Tag Archives: Big Nick Nicholas

IT’S SAD BUT TRUE: UNA MAE CARLISLE (1915-56)

If Una Mae Carlisle is known at all today, it is as a jazz footnote and “friend-of”: protege (perhaps mistress) of Fats Waller; singer on the lone and lovely record date that Lester Young’s band did in 1941; composer of WALKIN’ BY THE RIVER, someone recording with Danny Polo, John Kirby, Big Nick Nicholas, Buster Bailey, Ray Nance, Budd Johnson, Walter Thomas.  Sadly, her life was very short, made even shorter by illness.  I propose that she deserves admiration for her own art, not just for her associations with greater stars.

Una Mae had all the qualities that would have made her a success, and she did get some of the attention she deserved.  She had a big embracing voice; she could croon and swing; she was a splendid pianist — more than a Waller clone.

Here are two samples of her genial, casual art, in 1940 and 1941.  First, the song she composed (its title suggested by John Steinbeck).  The wonderful small group is Benny Carter, trumpet; Everett Barksdale, guitar; Slam Stewart, string bass; Zutty Singleton, drums.  Una Mae plays piano. Were Ed Berger here with us, he could tell us how Benny came to be in that studio — perhaps a rehearsal for his own Bluebird big-band date a few days later:

Here is one side from the famous session with Lester Young, Shad Collins, Clyde Hart, John Collins, Nick Fenton, Harold “Doc” West in 1941:

I come from that generation of listeners who discovered the sides with Lester through a lp compendium called SWING! — on Victor, with notes by Dan Morgenstern.  I think I was not alone in listening around Una Mae, regarded at best as someone interfering with our ability to hear Lester, purring behind her.  But if we could have shaken ourselves out of our Prez-worship for three minutes, we would have found much pleasure in Una Mae’s singing for its own sake, not in comparison to Billie.  As I do now.

This small reconsideration of Carlisle’s talents springs from a nocturnal prowl through eBay, then on to YouTube, then Google, then here — a familiar path, although the stops are not always in that order.
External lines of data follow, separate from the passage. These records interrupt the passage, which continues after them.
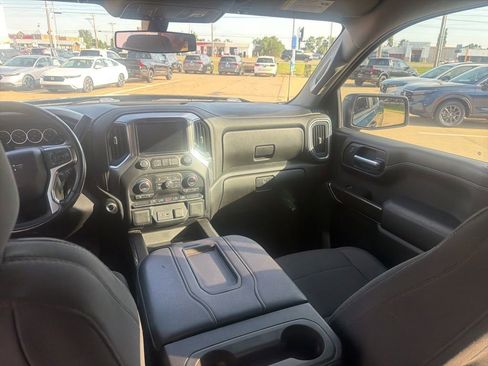 Used 2021 Chevrolet Silverado 1500 LT Trail Boss AWD/4WD image 28
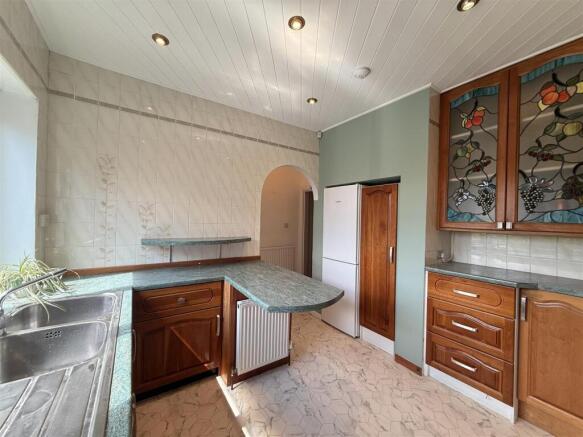 4 bed Semi-Detached to rent Image 6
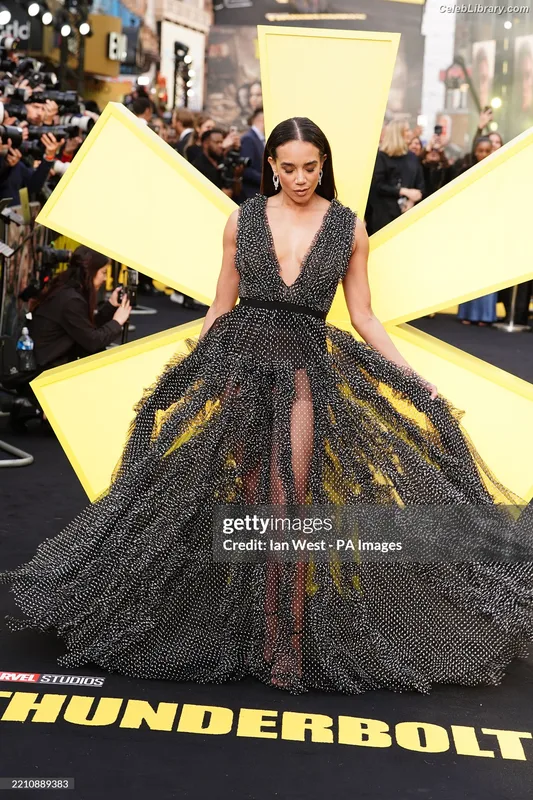 Hannah John-Kamen photo 11 of 505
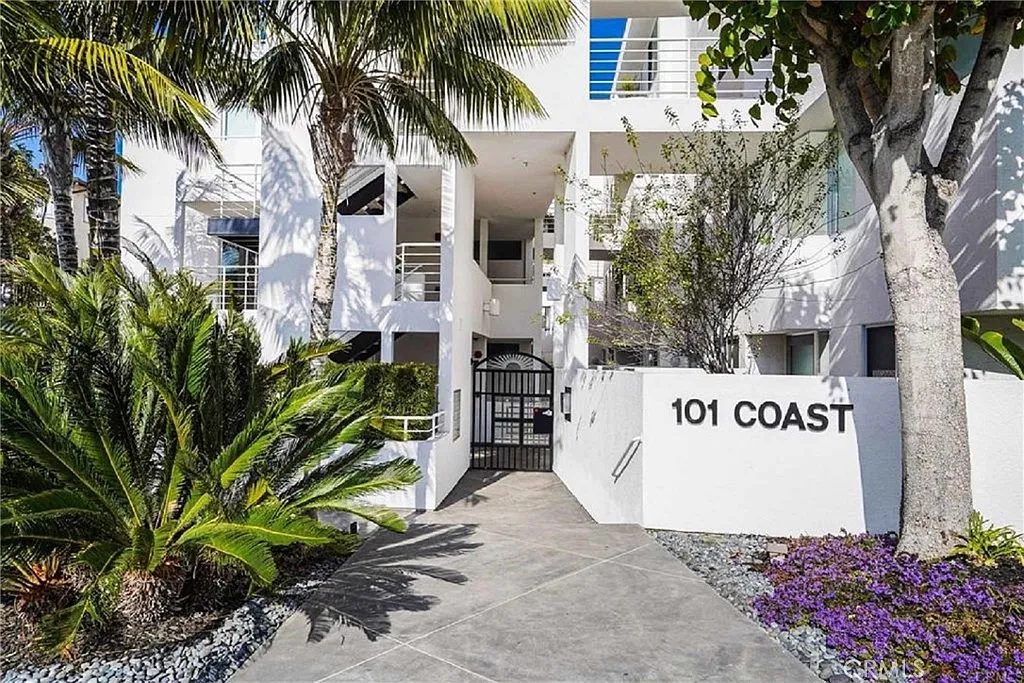 Building Photo - 101 Coast Blvd #4B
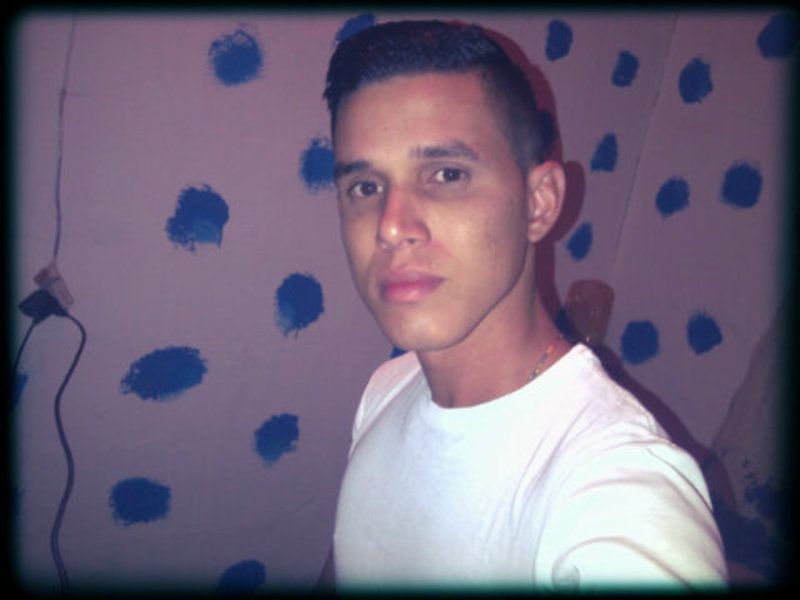 Date this young Venezuela man Luis from Valencia VE1344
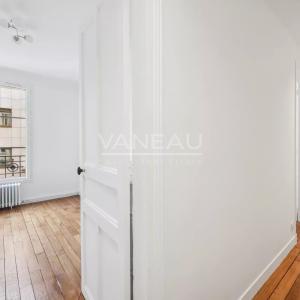 Boulogne - En étage avec ascenseur - Charme de l'ancien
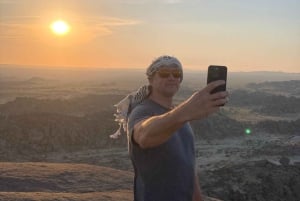 Jeddah: Moon Mountain Guided Hiking Tour with Snacks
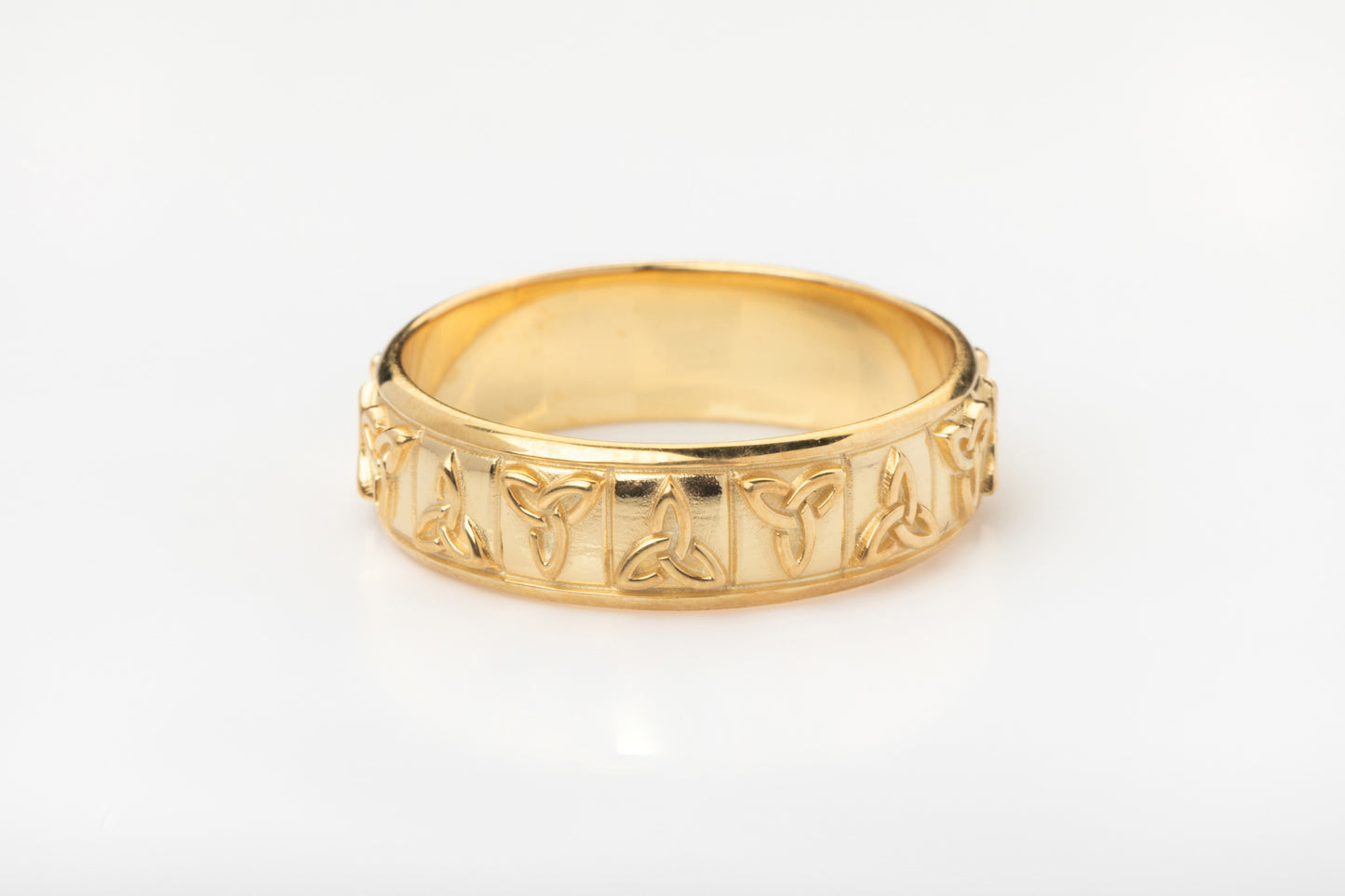 vkngjewelry Ring Gold Triquetra Band, Handcrafted Norse Mythology Jewelry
First, an autographed postcard, 1940-2, when she was recording for Bluebird:

I then visited  YouTube to find — to my delight — two brief but very entertaining film clips (from the 1948 BOARDING HOUSE BLUES) where her magnetism comes through:

I savor her ebullience — while trying to ignore the thinness of the song (which, in fairness, might be more sophisticated than GOT A PENNY, BENNY, which Nat Cole was singing a few years earlier) — and her expert piano work, with its small homages to Fats and Tatum.

I write the next sentence with mixed emotions: it cannot have hurt her fame in this period that she was slender and light-skinned.  Had she lived, she might have achieved some of the acclaim given other singer-entertainers, although I wonder if her easy accessibility would have hampered her with the jazz purists of the Fifties, while making her a pop star of sorts.  Certainly her last recordings (1950) show her being targeted for a large popular audience, which is to say the songs are awful and beyond.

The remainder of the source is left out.